He: Has that “Good Ole’ Boy” look to him. Goatee and all. Probably weighs around 290lbs and sports a few tatoos. Bet he never finished high school either.

She: looks like she swung around the pole over at Lemans Venus a few times before she hit 34 and wiggled her way into the “mortgage business”.

Typical Mortgage Broker Trash like you commonly see here in FL.

Sad story, really.

..

 
 
Comment by aladinsane
2007-11-05 13:32:37

Hello Walls (hello, hello)

You’re hemoraging CEOs again, today

Don’t you miss making money

Since liquidity up and went away?

And i’ll bet you dread to spend another loanly night with no equity

But loanly Wall Street, i’ll keep you company

Hello window, (hello, hello)

Well, I see that you’re still here

Aren’t you loanly,

Since Honesty appeared?

Well look here, is that a Trillion Dolllars dropped?, sounds like pain

Now don’t you try and tell me that it’s rain

Liquidity went away and left us, all because of loans that panned

Guess we’ll have to get along without it, if we can

Hello ceiling (hello, hello)

I’m gonna stare at you a while

You know I can’t sleep

So it’ll be a bear market for quite a while

We gotta all stick together or else i’ll lose my mind

I gotta feelin’ things will go our way, for a long, long time

(hello, hello Wall)

http://www.youtube.com/watch?v=AbB5X_PdeIs

 
Comment by jbunniii
2007-11-05 13:48:59

There are no opportunities to refinance loans for ‘any but the best borrowers

Let us not lose sight of the fact that in normal circumstances, these are the only borrowers who would have been given mortgages in the first place.

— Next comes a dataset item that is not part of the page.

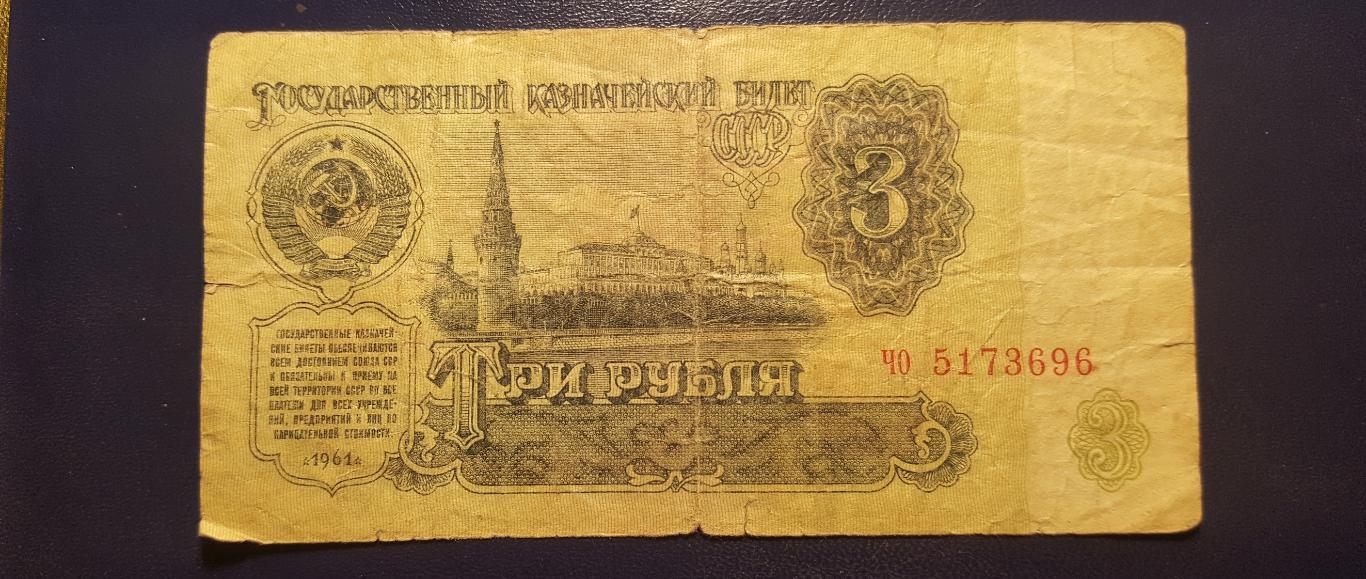 БанкнотаСССР3 рубля 1961год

We are reverting to normalcy.

 
Comment by Hoz
2007-11-05 13:54:01

September 7, 2007

Wall Street firms use mark-to-model techniques to value 9% of the Level 3 trading inventory on their balance sheets, estimates Bernstein’s Hintz. Goldman is top at 15%, while Merrill is bottom at 2%. (See table)
brokerage Percentage of Level 3 trading inventory valued using mark-to-model techniques
Goldman Sachs 15%
Morgan Stanley 13%
Lehman Brothers 8%
Bear Stearns 7%
Merrill Lynch 2%

Source: Bernstein Research

(This could explain GS profits)

Still, Hintz and other analysts are more sanguine about such valuation issues.
“A major concern is that all of the marks investment banks are using to value holdings are wrong and they will have to take large write downs,” Hintz said. “That’s a great press story but highly unlikely.”
(It doesn’t seem unlikely now)
Investment banks track the value of their holdings very carefully, using computers that analyze a huge central “pot” of data. This feeds into other parts of their operations, including accounting, risk management and systems that check on counterparty and credit risks, Hintz explained.

(This is just sad)
Marketwatch Sep 7, 2007
http://tinyurl.com/3656ky

Comment by spike66
2007-11-05 16:24:45

Level 3 accounting is essentially mark to fantasy…and as for the condescending ” track the value of their holdings very carefully, using computers”, give me afreaking break. I am however consoled that soon they will “very carefully” be able to track the value of their holdings using their fingers. As for you Hintz, there’s a Joshua Tree with your name on it.

Comment by vozworth
2007-11-05 17:33:15

mark to fantasy?

I thought it was mark to “reasonable stab”?

 
 
 
Comment by Stretch002
2007-11-05 14:23:07

Thanks for the letter Seattle Renter.
I just sent copies of your letter to both of my senator’s and both of my district’s house representatives. Also choose to have it published in some sort of newsletter/website thing. Hopefully it gets some attention…

I am still trying to fathom what it would be like to have lead my company into an eleven BILLION dollar loss…wow!

Comment by Seattle Renter
2007-11-05 15:18:39

You’re very welcome! They may not have the time or inclination to pay close attention to every letter they get, but be well assured they will count them if more than one person writes in on the same topic with the same opinion.

It’s kind of like voting without waiting until election day. These people will sell their soul to raise enough money to get the votes to stay in office. If we threaten to take enough of those votes away, action will ensue.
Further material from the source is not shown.